§ **What is required**: Omit all pictures, then repeat the listing exactly.

§ **Data below**:
BEGIN
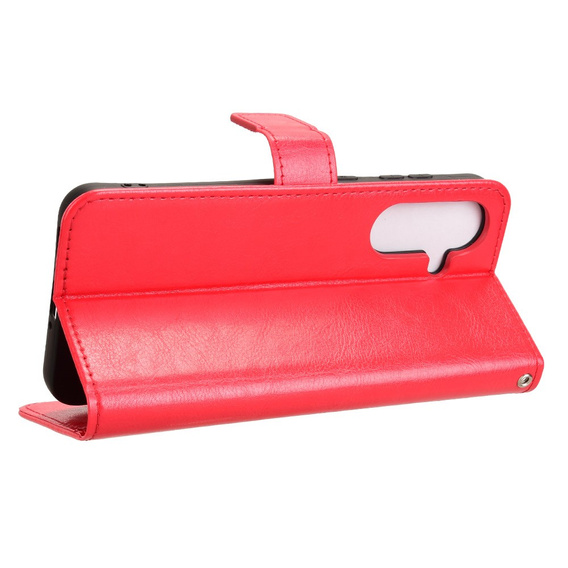 Etui z klapką do Samsung Galaxy A36 5G, Crazy Horse Wallet, czerwone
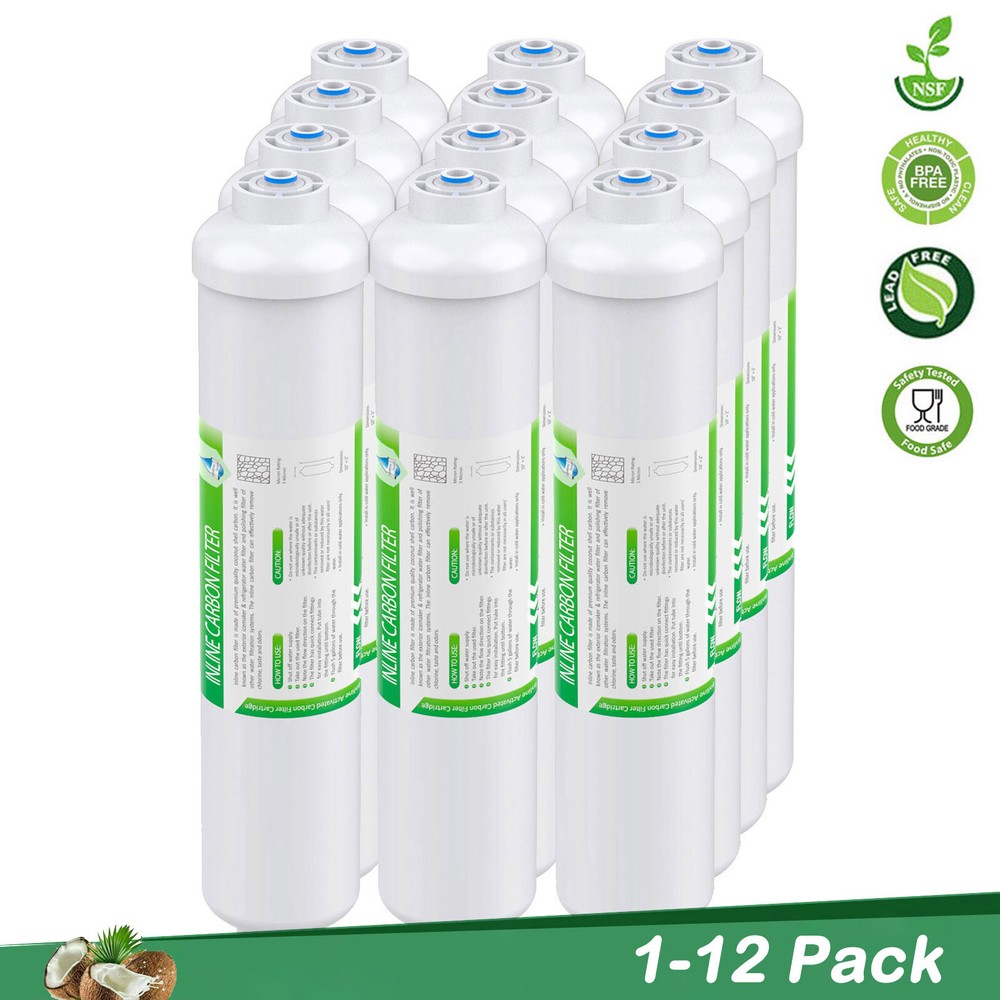 1-12 Pack 5-Stage RO Reverse Osmosis T33 Inline Post Carbon Water Filter 1/4" QC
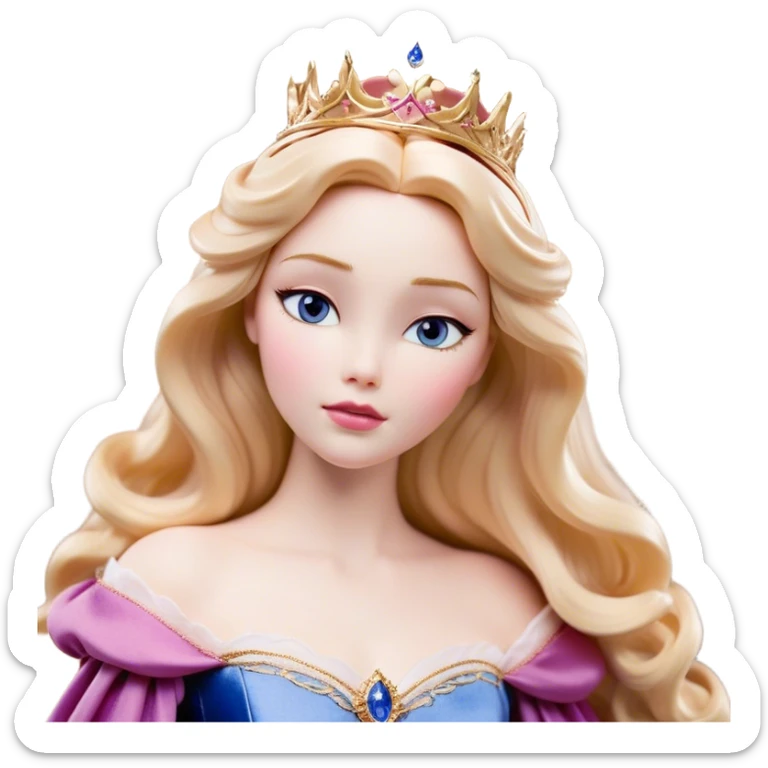 Cinematic Realistic Sleeping Beauty (Aurora) Portrait, with porcelain-like skin featuring a natural rosy flush, illuminated by soft lighting that highlights the gentle contours of her face. Her golden blonde hair flows in soft, detailed waves with subtle highlights that shimmer in the light. Her deep violet-blue eyes radiate warmth and innocence, framed by arched brows and long lashes. Her serene expression exudes quiet elegance. She is dressed in her classic pink gown, the fabric rich in texture with delicate folds that catch the light. A golden crown rests atop her head, gleaming with royal refinement. The portrait captures a soft, glowing aura, blending realism with an ethereal sense of beauty and timeless enchantment. sticker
END
§ **Your solution**:
 Etui z klapką do Samsung Galaxy A36 5G, Crazy Horse Wallet, czerwone
 1-12 Pack 5-Stage RO Reverse Osmosis T33 Inline Post Carbon Water Filter 1/4" QC
 Cinematic Realistic Sleeping Beauty (Aurora) Portrait, with porcelain-like skin featuring a natural rosy flush, illuminated by soft lighting that highlights the gentle contours of her face. Her golden blonde hair flows in soft, detailed waves with subtle highlights that shimmer in the light. Her deep violet-blue eyes radiate warmth and innocence, framed by arched brows and long lashes. Her serene expression exudes quiet elegance. She is dressed in her classic pink gown, the fabric rich in texture with delicate folds that catch the light. A golden crown rests atop her head, gleaming with royal refinement. The portrait captures a soft, glowing aura, blending realism with an ethereal sense of beauty and timeless enchantment. sticker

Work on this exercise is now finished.